2. The method of claim 1, comprising storing the reference value in a write-protected memory region of the data processing device.

3. The method of claim 1, wherein the check value is a cryptographic check value.

4. The method of claim 1, wherein the check value is derived from a key concealed in the data processing device.

5. The method of claim 1, comprising computing the check value when the program instructions are loaded from the one or more memories into the instruction buffer memory by way of read access to a transmission path between the one or more memories and the instruction buffer memory.

6. The method of claim 1, comprising storing the reference value in a write-protected memory region of the data processing device and the processor comparing the check value with the reference value.

7. The method of claim 1, comprising a checking unit, which computes the check value, comparing the check value with the reference value.

8. The method of claim 1, comprising outputting a signal and/or performing a security measure if the check value does not match the reference value.

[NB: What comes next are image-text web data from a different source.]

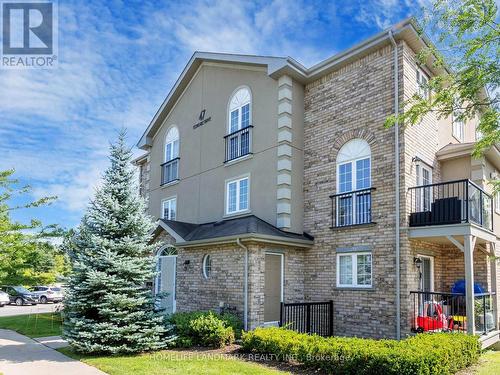 7 - 47 Ferndale Drive S, Barrie (Ardagh), ON - Outdoor With Facade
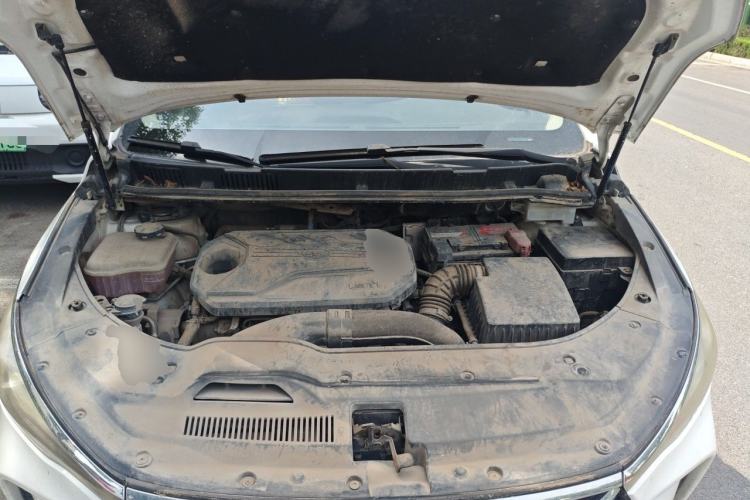 Used BYD Song MAX 2019 1.5T Automatic Smart Connect Ruiyi Sunroof Version 6 Seats China VI Standard Engine Bay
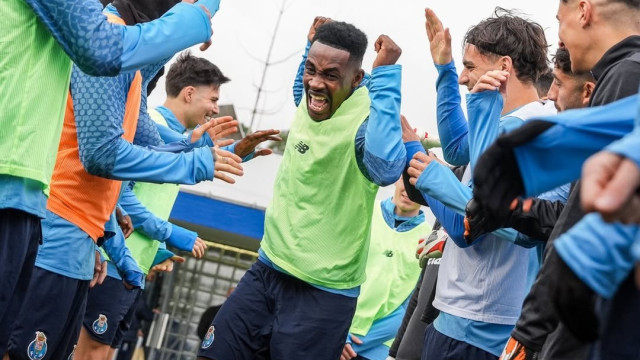 Zaidu regressou ao FC Porto e não escapou ao típico túnel da morte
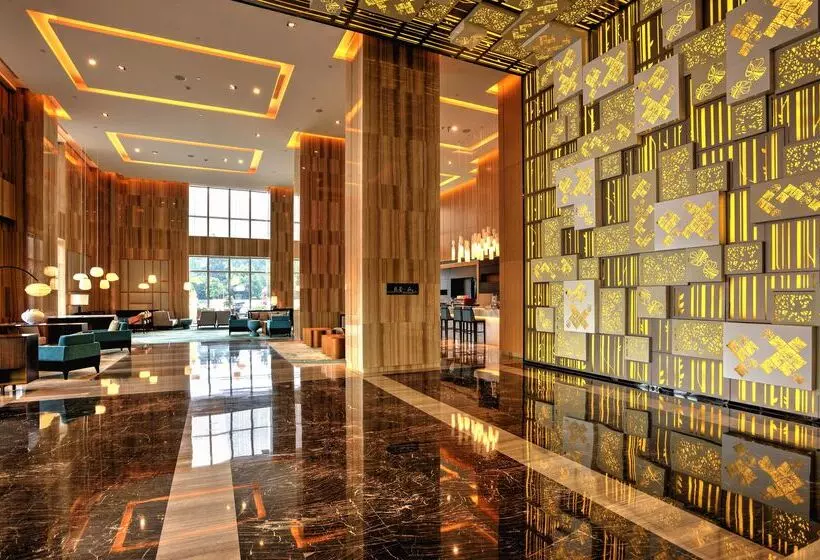 Отель Hilton Garden Inn Chengdu Huayang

9. The method of claim 1, wherein a respective reference value is received for each of multiple program code portions each containing multiple program instructions of a program, a check value is computed when the program code portion is loaded into the instruction buffer memory or by way of read access to the instruction buffer memory after the program code portion has been loaded into the instruction buffer memory, and wherein, for each of the multiple program code portions, at least part of the program code portion is executed by the processor if the check value computed for the program code portion matches the reference value received for the program code portion.

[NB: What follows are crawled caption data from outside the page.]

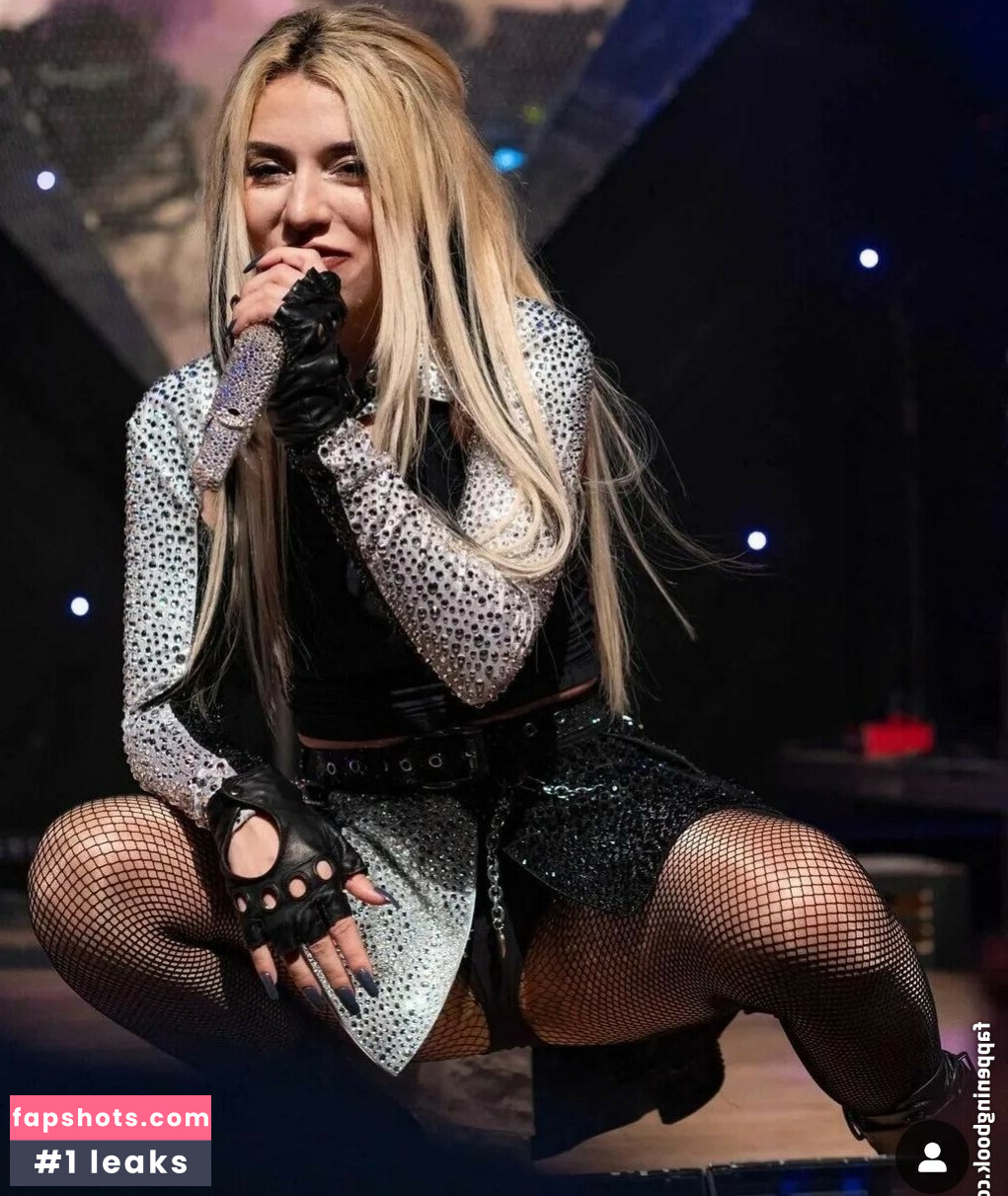 Ava Max Nahé úniky fotek pouze od fanoušků #219 - Fapshots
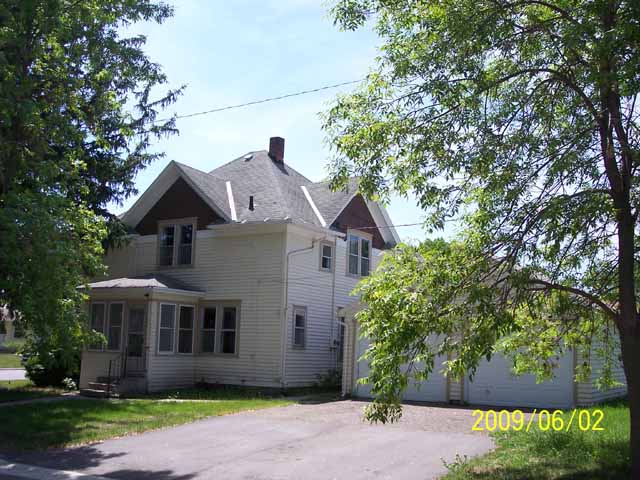 110 High Ave, Gaylord, MN 55334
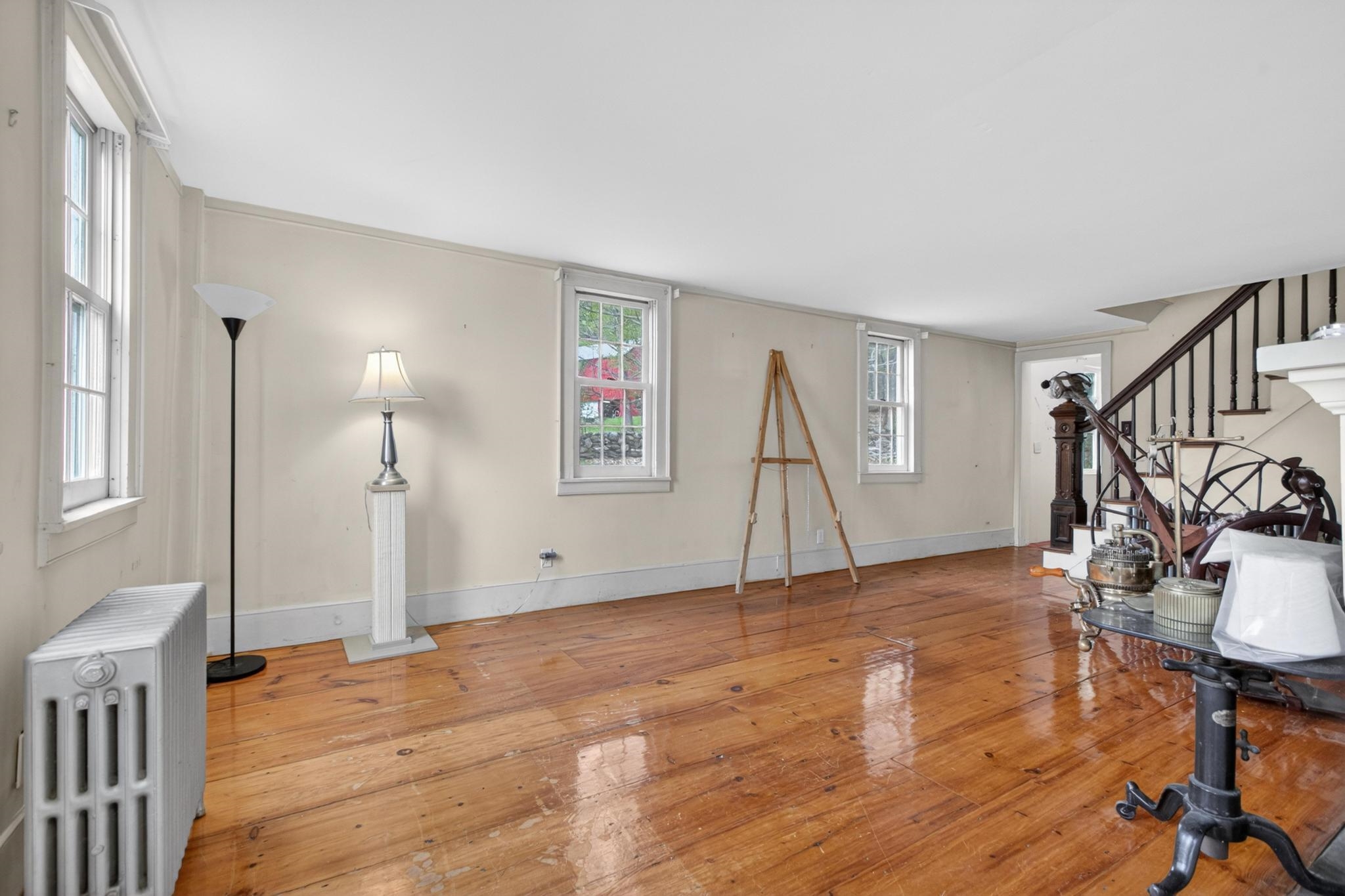 338 N Main Street Property Photo 7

10. A data processing device comprising:

a processor;

one or more memories that are configured to store multiple program instructions and data to be processed by a processor of the data processing device;

an instruction buffer memory for buffer-storing the program instructions to be executed by the processor;

a data buffer memory for buffer-storing the data to be processed;

a communication interface to an external data processing device, which communication interface is configured to receive a reference value for a check of the multiple program instructions from the external data processing device and to store said reference value in the one or more memories; and

checking circuitry configured to compute a check value from the program instructions for the check when the program instructions are loaded from the one or more memories into an instruction buffer memory of the data processing device or by way of read access to the instruction buffer memory after the program instructions have been loaded into the instruction buffer memory from the one or more memories;

wherein the processor is configured to execute at least some of the program instructions if the check value matches the received reference value.

11. The data processing device of claim 10, wherein the instruction buffer memory has access for the processor that is faster in comparison with the one or more memories.

12. The data processing device of claim 10, wherein the checking unit is configured to compare the check value with the reference value and to output a signal to another component of the data processing device if the check value does not match the reference value.

13. The data processing device of claim 10, wherein the instruction buffer memory is a cache memory or a tightly coupled RAM.